This will also need a rule to require branches to be up to date before merging.
You may wish to bypass this rule occasionally, so remember to allow for that appropriately, and consider whether you will require a full scan of the repository at that time to ensure changes are scanned. You can use a `workflow_dispatch` trigger on a full scheduled workflow to allow for this.
### Scanning changes in PRs
The `changes` Action looks for changes in your defined project structure.
It also sets the CodeQL configuration to use for the rest of the workflow.
For an example of how to use it for PR scans, see [`./samples/sample-codeql-monorepo-pr-workflow.yml`](./samples/sample-codeql-monorepo-pr-workflow.yml)
#### Setting project structure
The project structure can either be defined in a JSON file and provided by name in the `project-json` input, or can be parsed out of a C# build XML file in the `build-xml` input.
It has several purposes - it defines the paths that are watched for changes, and checked out, and also defines CodeQL configuration options.
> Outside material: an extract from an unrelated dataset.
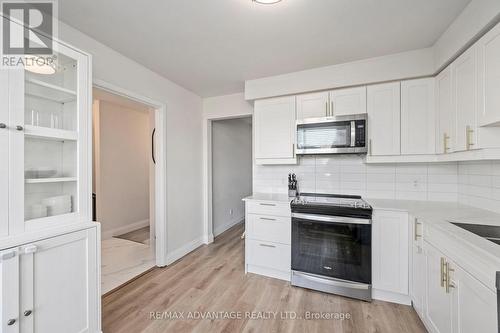 56 - 135 Belmont Drive, London South (South O), ON - Indoor Photo Showing Kitchen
When using `build-xml` you will need to define any variables used in the input file with concrete values, in a `variables` input, defining them in a YAML format dictionary. You can see an example of this XML format in this repository in `./samples/build-projects.xml`.
> [!NOTE]
> Do not use `./` to lead path or file namesThe basic required structure has a top-level key for each language, named as CodeQL does (or with an arbitrary name for non-CodeQL languages). Each language has a `projects` key, and under that each project is a named key that contains `paths`, which is a list of folder names (without a leading `./` - e.g. `src/FolderA`).
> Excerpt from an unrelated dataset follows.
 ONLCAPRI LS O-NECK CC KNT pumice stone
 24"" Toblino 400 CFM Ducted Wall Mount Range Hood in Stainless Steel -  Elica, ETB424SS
In the JSON version, you can optionally specify the build-mode for CodeQL, as `none`, `auto` or `manual` to select that mode, or use `other` to allow scanning with a different code scanning tool than CodeQL. That can be done at language or project level by supplying a `build-mode` key at the appropriate level. A suitable build-mode is defaulted if you do not provide one, and if you use one at the project level it overrides any set at the language level.
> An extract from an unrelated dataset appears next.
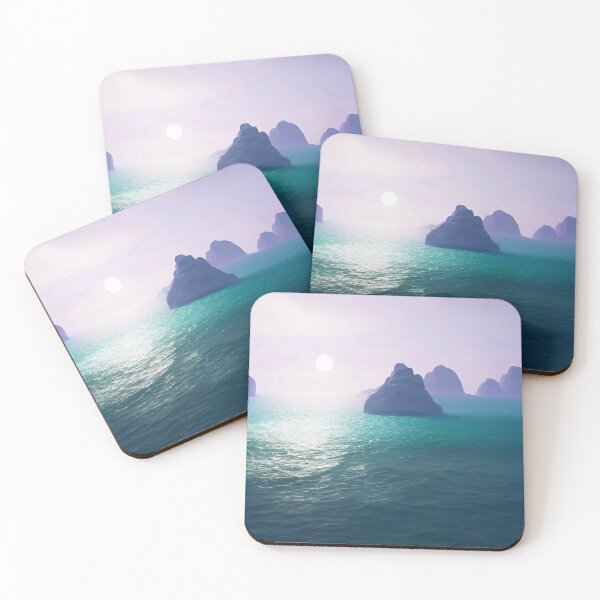 Item preview, icebergs designed and sold by OverAltruist.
You can also include individual files using a `files` key in the project. These files are _not watched_ for changes, but will be included in the sparse checkout along with the folders in the `paths` key. This is to prevent triggering a scan of every project if a top-level build file is changed. If it is necessary, a full-rescan of the repository can be triggered manually at any time using a full-repo workflow. Again, do not use `./` to lead file names.
The `paths` and `files` lists are evaluated by two different engines - one is the `dorny/paths-filter` Action, and the other is the `actions/checkout` Action. The former uses [picomatch](https://github.com/micromatch/picomatch) and the latter uses the [gitignore](https://git-scm.com/docs/gitignore)-style matching and the, so wildcards can be used, but their exact behaviour may differ slightly - it is best to use exact paths where possible.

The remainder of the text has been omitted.